The Creative Spark To The Bronte Fire

Bruce Springsteen said you can’t start a fire without a spark; I believe that a spark is also essential to kickstart great works of art and creativity, and it was just such a spark that lit up Haworth Parsonage on this week in 1836.

There can be no other family which has produced such a gathering of geniuses than the Brontës, and this is all the more remarkable considering that the Brontë family were not wealthy and that the children had little formal education in their infancy. We will never be able to fully understand how three sisters produced such great works of genius in such a short space of time, theirs is a unique genius, but we can pinpoint a moment when the first catalyst for their creativity arrived: July 5th 1836.

Bronte toys
These Bronte toys were discovered below floorboards in Haworth Parsonage

Three years later Charlotte Brontë, 13 at the time but 10 in 1826, gave an account of that important moment:

“Papa bought Branwell some wooden soldiers at Leeds.
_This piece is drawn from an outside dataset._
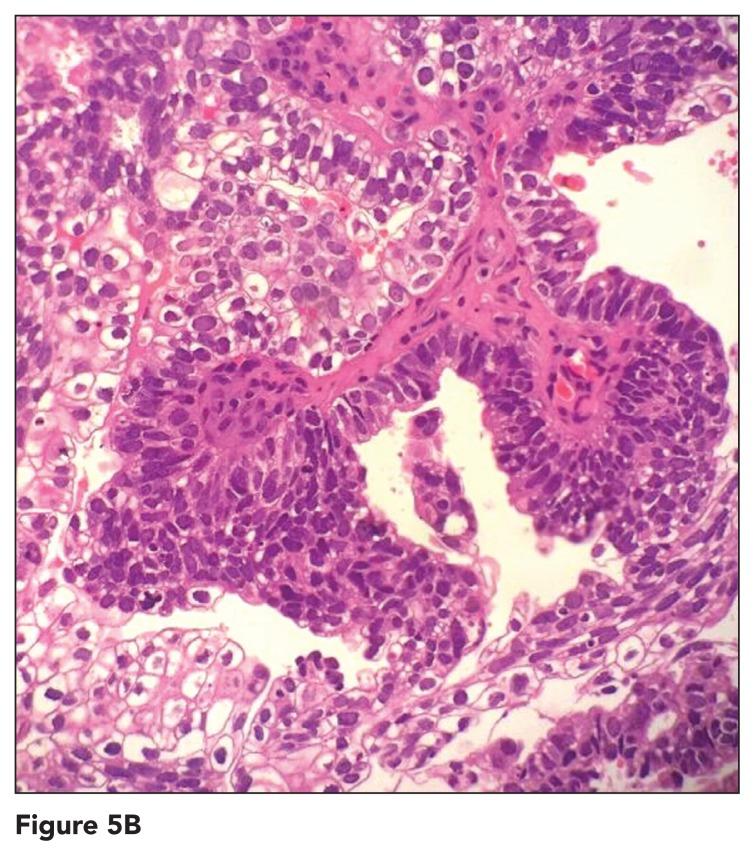 https://cdn.ncbi.nlm.nih.gov/pmc/blobs/db6b/6150586/7199b66578cb/asm-37-4-265-g005b.jpg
When Papa came home it was night, and we were in bed, so next morning Branwell came to our door with a box of soldiers. Emily and I jumped out of bed, and I snatched up one and exclaimed: ‘This is the Duke of Wellington! This shall be the Duke!’ when I had said this Emily likewise took one up and said it should be hers; when Anne came down, she said one should be hers. Mine was the prettiest of the whole, and the tallest, and the most perfect in every part. Emily’s was a grave-looking fellow, and we called him ‘Gravey’. Anne’s was a queer little thing, much like herself, and we called him ‘Waiting-boy’. Branwell chose his, and called him Buonaparte.”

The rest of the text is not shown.